**What you will do**
Your answer should be the line containing "Plus Size Pinched" and every line after it to the end of the records below, word for word.

**Items from a dataset**
■ ■ ■ ■ ■ ■ ■
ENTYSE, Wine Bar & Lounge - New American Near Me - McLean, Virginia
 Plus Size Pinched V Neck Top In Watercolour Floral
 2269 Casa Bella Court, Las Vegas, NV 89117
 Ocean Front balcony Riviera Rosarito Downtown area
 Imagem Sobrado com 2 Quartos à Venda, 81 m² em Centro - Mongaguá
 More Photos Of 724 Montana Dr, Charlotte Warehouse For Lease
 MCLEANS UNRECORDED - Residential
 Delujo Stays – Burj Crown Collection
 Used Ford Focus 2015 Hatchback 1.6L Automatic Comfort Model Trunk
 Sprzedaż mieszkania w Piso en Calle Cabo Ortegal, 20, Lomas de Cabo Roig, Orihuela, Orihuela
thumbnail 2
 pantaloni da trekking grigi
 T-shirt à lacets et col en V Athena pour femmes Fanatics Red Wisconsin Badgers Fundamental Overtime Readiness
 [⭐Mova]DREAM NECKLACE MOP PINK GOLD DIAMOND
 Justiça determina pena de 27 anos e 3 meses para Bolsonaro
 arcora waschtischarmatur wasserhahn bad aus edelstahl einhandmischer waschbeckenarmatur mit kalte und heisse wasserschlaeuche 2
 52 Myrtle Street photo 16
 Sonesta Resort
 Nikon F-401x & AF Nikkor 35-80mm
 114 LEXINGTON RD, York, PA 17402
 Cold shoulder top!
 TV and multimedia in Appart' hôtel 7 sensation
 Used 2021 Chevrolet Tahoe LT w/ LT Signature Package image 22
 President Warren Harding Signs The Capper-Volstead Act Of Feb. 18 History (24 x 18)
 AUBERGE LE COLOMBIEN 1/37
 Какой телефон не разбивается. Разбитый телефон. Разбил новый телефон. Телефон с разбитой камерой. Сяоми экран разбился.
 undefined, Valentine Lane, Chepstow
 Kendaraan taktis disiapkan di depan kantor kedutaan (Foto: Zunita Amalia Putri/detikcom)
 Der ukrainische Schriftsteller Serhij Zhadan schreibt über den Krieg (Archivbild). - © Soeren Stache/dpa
■ ■ ■ ■ ■ ■ ■
**Task answer**
 Plus Size Pinched V Neck Top In Watercolour Floral
 2269 Casa Bella Court, Las Vegas, NV 89117
 Ocean Front balcony Riviera Rosarito Downtown area
 Imagem Sobrado com 2 Quartos à Venda, 81 m² em Centro - Mongaguá
 More Photos Of 724 Montana Dr, Charlotte Warehouse For Lease
 MCLEANS UNRECORDED - Residential
 Delujo Stays – Burj Crown Collection
 Used Ford Focus 2015 Hatchback 1.6L Automatic Comfort Model Trunk
 Sprzedaż mieszkania w Piso en Calle Cabo Ortegal, 20, Lomas de Cabo Roig, Orihuela, Orihuela
thumbnail 2
 pantaloni da trekking grigi
 T-shirt à lacets et col en V Athena pour femmes Fanatics Red Wisconsin Badgers Fundamental Overtime Readiness
 [⭐Mova]DREAM NECKLACE MOP PINK GOLD DIAMOND
 Justiça determina pena de 27 anos e 3 meses para Bolsonaro
 arcora waschtischarmatur wasserhahn bad aus edelstahl einhandmischer waschbeckenarmatur mit kalte und heisse wasserschlaeuche 2
 52 Myrtle Street photo 16
 Sonesta Resort
 Nikon F-401x & AF Nikkor 35-80mm
 114 LEXINGTON RD, York, PA 17402
 Cold shoulder top!
 TV and multimedia in Appart' hôtel 7 sensation
 Used 2021 Chevrolet Tahoe LT w/ LT Signature Package image 22
 President Warren Harding Signs The Capper-Volstead Act Of Feb. 18 History (24 x 18)
 AUBERGE LE COLOMBIEN 1/37
 Какой телефон не разбивается. Разбитый телефон. Разбил новый телефон. Телефон с разбитой камерой. Сяоми экран разбился.
 undefined, Valentine Lane, Chepstow
 Kendaraan taktis disiapkan di depan kantor kedutaan (Foto: Zunita Amalia Putri/detikcom)
 Der ukrainische Schriftsteller Serhij Zhadan schreibt über den Krieg (Archivbild). - © Soeren Stache/dpa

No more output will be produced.